38th and 39th Image: Some detail painting has been added, including the cowling painted dark blue (which was the representing color of Luke’s 27th Aero Squadron), the center struts painted dark brown, the cockpit edging painted leather and the left front fuselage panel painted light gray. Concerning the panel, in the photo posted earlier of Luke standing beside his (#26) aircraft, it is clear this aluminum panel is not part of the camouflage, although whether it is bare aluminum or a painted light color is unknown. 


40th Image: All of the lower surface masking tape has been removed revealing a sharp demarcation line.



41st through 42nd Image: The next step was weathering the top of the upper wing. First, dark gray pastel dust was applied to the raised ribs and then wiped away, as described earlier on the lower surfaces. All of the ribs and edges were then dry-brushed with MM Light Ghost Gray to add highlights and make the details stand out. 


43rd Image: The same weathering steps were also applied to the upper surfaces of the basic assembly.


----------



## Phillip1 (Jul 24, 2009)

44th through 46th Image: These photos show the basic assembly with upper wing temporarily attached. The camouflage pattern was a headache to mask off, but a very eye-catching scheme to look at. 

Until next time...

Phillip1


----------



## Phillip1 (Jul 24, 2009)

Fellow Modelers-The latest progress:



47th and 48th Image: Rudder decals were given on the Aviattics sheet, but I knew it would look much better if the stripes were painted on. The first step was painting the entire rudder white (shown here). 


49th Image: The red and light blue rudder stripes were masked off and painted next.



50th through 51st Image: Decaling came next. I would love to say I had no problems here, but that is not the case.

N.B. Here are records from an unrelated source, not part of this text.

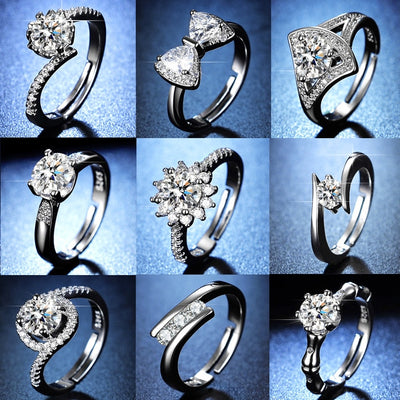 925 Sterling Silver Moissanite Classic Style Ring 1ct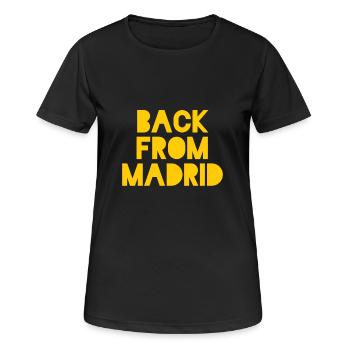 Souvenir Madrid - T-shirt respirant Femme - noir - Devant - AI Model Female 172 light (172cm)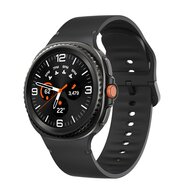 Soft siliconen band - Maat: S/M - Zwart - Samsung Galaxy Watch 8 - 40mm / 44mm afbeelding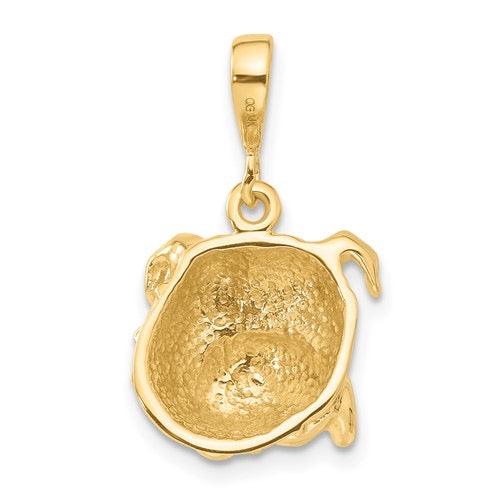 14k Bulldog Face Pendant - Seattle Gold Grillz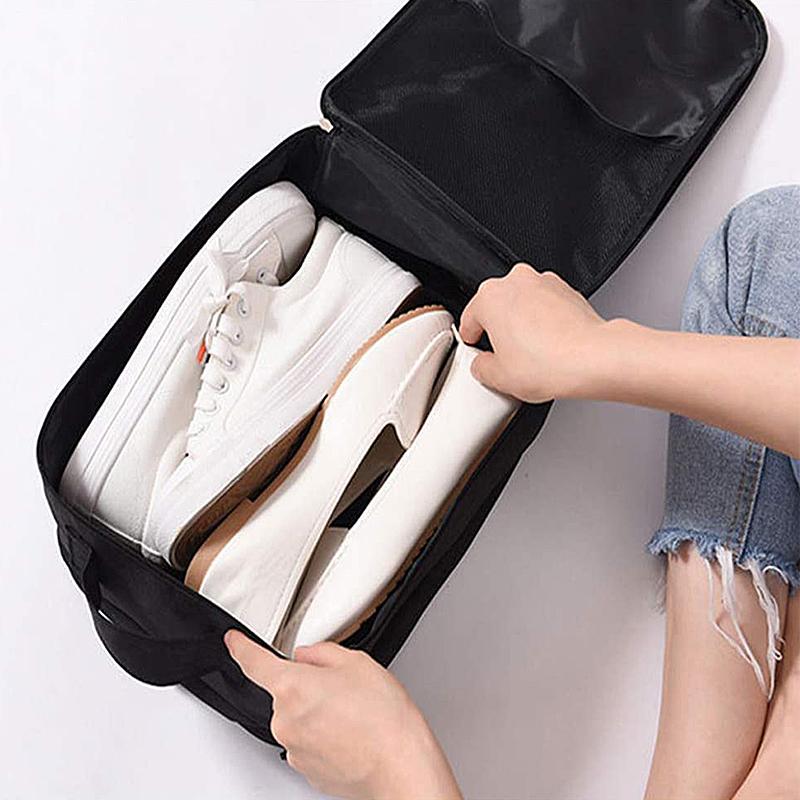 Reise-Organizer für Schuhe: Schützt 3 Paar Schuhe vor Staub & Nässe, essentielle Reiseutensilien.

The Aviattic decals were beautifully printed, but I had a great deal of trouble getting them to lay down or wrap around ANY contour. I only use Solvaset setting solution as a last resort, but a large amount of it was used here. The decals shown in these photos turned out to be the easiest ones to work with.


----------



## Phillip1 (Jul 24, 2009)

52nd through 57th Image: Before any WWI aircraft expert calls me out here, I will go ahead and admit the color pattern on the wing roundels I used is wrong. For American squadron SPADS the roundel color pattern was red-outside/blue-middle/white-center pattern. For French squadron SPADS the roundel pattern was red-outside/white-middle/blue-center. I went to great efforts to get the Aviattic roundels to work but they would not. I even ended up damaging part of the paint finish on the upper wing, which had to be redone. The roundels shown in the photo are from the original kit decal sheet. I ended up using these because I already spent a lot more money on this project than I planned, and did not want to spend any more on a new aftermarket decal sheet. They worked okay but are not the correct style for Luke’s plane. I was able to get the number decals (#26) to adhere to the model surfaces, but it took A LOT of work to get there. The final decal injury was the upper wing checkered stripe which eventually split into multiple pieces as I tried to get it to conform. Once the decaling was finished, the upper wing and basic assembly were airbrushed with multiple thin coats of Model Master Metalizer Sealer (1409). This gave the model an overall uniform silky appearance that was between gloss and flat. 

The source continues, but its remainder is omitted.